As recounted in this article, some of AMRAD's initial vacuum-tube transmitter work involved testing ideas on improving the transmitter's modulation. And while testing the work at AMRAD's experimental station, 1XE, impromptu phonograph record programs were broadcast, for anyone to hear, including passing ships.

Electrical Review and Western Electrician, April 16, 1916, page 672:

Wireless  Achievements  at  Tufts  College  in  Massachusetts.
Experimental room
    The transmission of music by wireless with a small amount of power, giving a range of more than 100 miles, so that ships at sea have picked up tunes, has been brought about at the station of the American Radio & Research Corporation, at Tufts College, Mass., of which Harold J. Power is general manager. The mere fact of sending music to the distance mentioned is not in itself a remarkable feat, but by means of a novel method of introducing the sounds in the radiated waves, resulting in articulation and loudness in the waves received, a marked gain has been achieved.

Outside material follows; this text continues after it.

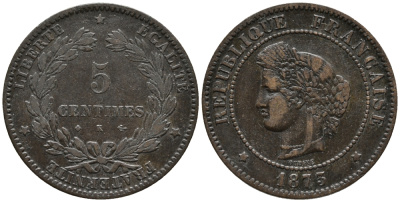 ФРАНЦИЯ 5 САНТИМОВ 1873 К, ТРЕТЬЯ РЕСПУБЛИКА (1871-1940) KM 821.2, LE FRANC 118.9 бронза 34-1217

    To provide the high-frequency current necessary Professor Power employed an oscillion bulb, the invention of Lee De Forest, of New York. Machine Shop
    It is recognized that there are two important factors in the successful transmission of wireless telephone messages. One is the generating of high-frequency currents and the other its modulation in accordance with the voice or the music to be transmitted. It is the latter of these two problems that Professor Power is especially interested in, because the De Forest oscillion is recognized as a perfect means of generating the needed high-frequency current. It has been possible for some time to obtain sufficient power to transmit telephone messages to any distance, but how to introduce the voice at high-power stations in a practical manner, is the great problem of radio telephony, and to this branch of work Professor Power is now devoting much attention. His device for introducing the voice is far from perfected as yet, but successful results have been obtained, from reports thus far received.
    Operators at several stations on Cape Cod have reported recording the strains of well known popular airs produced by a phonograph, and in two instances steamers entering Boston reported picking up the music more than 100 miles out from port.
    The radio station's equipment is one of the most complete in the country. Students in Tufts College have the facilities at their disposal for experimental work, though the plant is owned by a private corporation. A number of valuable results have been developed by members of the Tufts Wireless Club.